Berpuasa bukan untuk mencari popularitas melainkan sebagai jalan untuk mencapai kekudusan. Para murid Yesus adalah sahabat-sahabat Yesus sang mempelai sejati. Mereka tidak berpuasa selagi bersama Yesus karena Yesus adalah sukacita dari Tuhan Allah bagi mereka. Yesus adalah damai dan sukacita mereka. Maka Yesus mengatakan bahwa selagi masih bersama-Nya, maka ada sukacita. Akan tiba saatnya para murid sebagai sahabat Yesus juga berpuasa, artinya mereka ikut menderita bersama Yesus yang menderita. Para murid juga masuk dalam penderitaan Kristus.

Hidup bersama Yesus tidak hanya membawa sukacita, tetapi juga membawa kebaruan (newness) dalam hidup para rasul. Yesus membaharui hidup pribadi setiap orang, supaya mereka layak di hadirat-Nya. Mereka menjadi kudus dan tak bercela di hadirat-Nya. Ini tentu membutuhkan komitmen yang besar bagi mereka sebagai orang beriman. Hal yang sama kiranya terjadi juga di dalam diri kita saat ini. Apakah ada suka cita di dalam hidupmu?

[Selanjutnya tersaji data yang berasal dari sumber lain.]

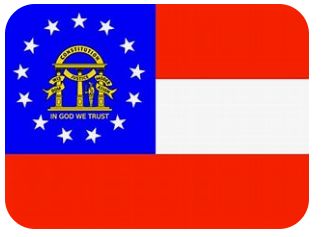 Georgia State Flag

Apa yang ada di dalam pikiran Tuhan Yesus? Simaklah perkataannya berikut ini: “Tidak seorangpun menambalkan secarik kain yang belum susut pada baju yang tua, karena jika demikian kain penambal itu akan mencabik baju itu, lalu makin besarlah koyaknya. Begitu pula anggur yang baru tidak diisikan ke dalam kantong kulit yang tua, karena jika demikian kantong itu akan koyak sehingga anggur itu terbuang dan kantong itupun hancur. Tetapi anggur yang baru disimpan orang dalam kantong yang baru pula, dan dengan demikian terpeliharalah kedua-duanya.” (Mat 9:16-17).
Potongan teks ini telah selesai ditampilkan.